# hunger / appetite



## sakvaka

I'm afraid I'll get many similar responses, but I'm interested in knowing what words your language uses for these two concepts.

*hunger*: state of being hungry
*appetite*: in developed cultures, a less demanding and more common feeling that usually replaces hunger

Here we go:

*Dutch*: honger vs. eetlust (eat lust) / trek (?)
*Finnish*: nälkä vs. ruokahalu (food lust)
*Swedish*: hunger vs. aptit / matlust (food lust)
*Italian*: fame vs. appetito

I wonder if we can find cultures that miss one of these concepts (African/Asian?).

Thank you!


----------



## Outsider

*Portuguese*: fome vs. apetite

Sometimes we also say _vontade de comer_ (urge to eat) for appetite.


----------



## apmoy70

In Greek:
*Hunger*-->«Πείνα» ('pina, _f._), from the same ancient Greek feminine noun «Πεῖνα» ('peină), Ionic «Πείνη», ('peinē):  _hunger, famine_
*Appetite*-->«Όρεξη» ('oreksi, _f._), from the same ancient Greek feminine noun «Ὄρεξις» ('oreksis): _appetite, conation_


----------



## phosphore

*Serbian:* glâd (f.) and apètīt (m.)


----------



## Awwal12

In *Russian*: голод (g*o*lod, m.) and аппетит (appet*i*t, m.).


----------



## Orlin

Bulgarian: глад (glad, m.) and апет*и*т (apet*i*t, m.).


----------



## Favara

*Catalan:* _Fam_ (f.) and _apetit_ (m.).
_Apetit_ is sometimes informally substituted by _goleta_, diminutive of _gola_ (gluttony).


----------



## ThomasK

Your Dutch is excellent, S, and this is certainly an interesting question! 

However, if you do not mind, I wish to point out some kind of cultural bias: you call _appetite_ typical of 'developed' cultures, whereas I could just as well call it 'an undesirable by-product of a society that knows no hunger'. For example we can have an appetite for Easter eggs, no hunger ;-)... Don't you think? 

But there is one meaning that 'transcends' cultures, I think.
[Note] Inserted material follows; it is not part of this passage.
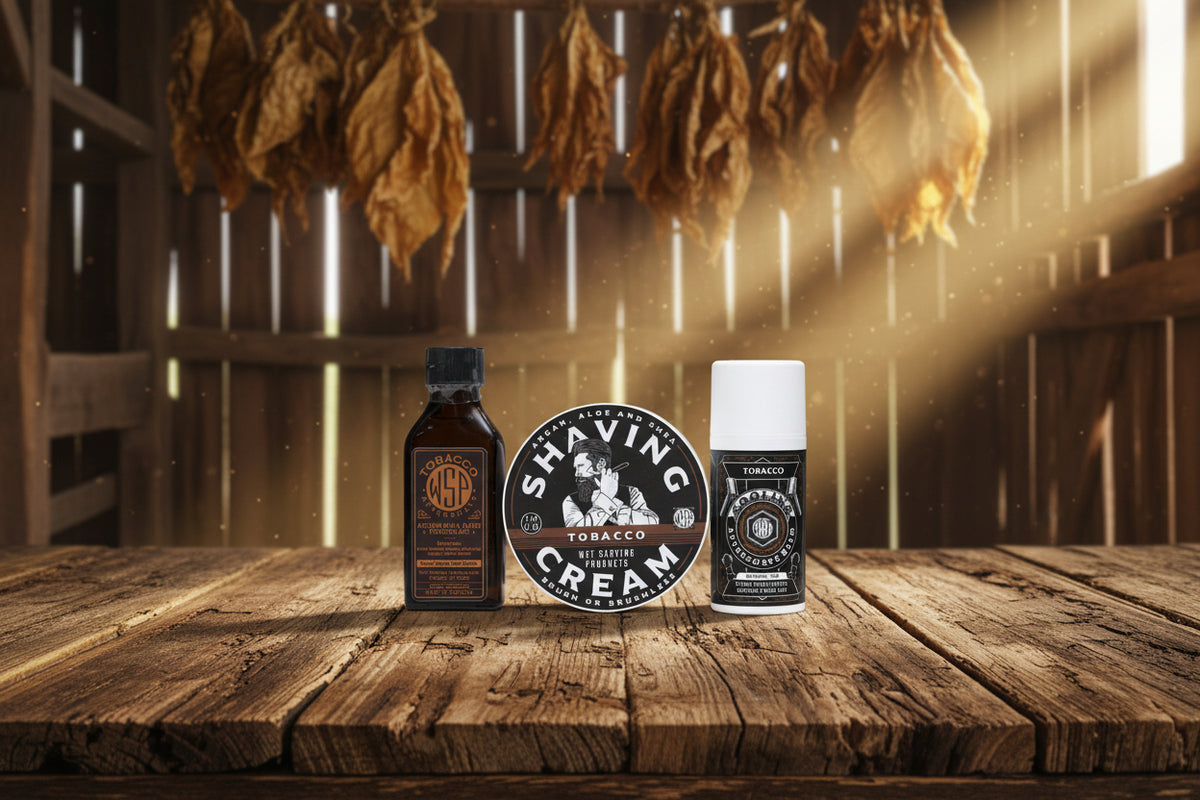 WSP Tobacco Shaving Cream Cream + Splash + Balm - The Complete Shave Trio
Some people who are ill, do not have 'eetlust', _appetite_, they do not feel the urge to eat, but that has nothing to do with hunger, I think: it seems to them that things do not taste good. I could imagine that Catalans would never substitute _goleta_ for _apetit_ in that case (though that is also an interesting cultural observation again).


----------



## Awwal12

> whereas I could just as well call it 'an undesirable by-product of a society that knows no hunger'.


I hardly can imagine a society whose members don't know a feel of hunger.  I don't mean a famine, of course, it is totally different thing. But we're going to off-topic, don't we?


----------



## Frank78

In German it's almost the same as in English:

Hunger (m)
Appetit (m)


----------



## Rallino

In Turkish:  

Hunger: Açlık
Appetite: İştah


----------



## ThomasK

Awwal12 said:


> I hardly can imagine a society whose members don't know a feel of hunger.  I don't mean a famine, of course, it is totally different thing. But we're going to off-topic, don't we?


 
I did not wish to go off-topic, Awwal, I thought my note was relevant because one meaning of appetite seemed different from the other. 

However, I  now realize indeed that I should have written *'famine'*, not 'hunger', which is another issue: in Dutch we only have the word 
- _*honger*_ (hunger), _*honger hebben*_ (_be hungry_, lit. _have hunger_) and 
- _*hongersnood*_ (_hunger-'s- need_ -- in fact: emergency caused by famine), but not a separate word for 'famine' as such... 

You see ?


----------



## sakvaka

ThomasK said:


> Some people who are ill, do not have 'eetlust', _appetite_, they do not feel the urge to eat, but that has nothing to do with hunger, I think: it seems to them that things do not taste good. I could imagine that Catalans would never substitute _goleta_ for _apetit_ in that case (though that is also an interesting cultural observation again). *etc etc*



Thank you for your additions, since I don't belive they contradict with my original phrasing.  Great observations, and very meaningful from the point of semantics!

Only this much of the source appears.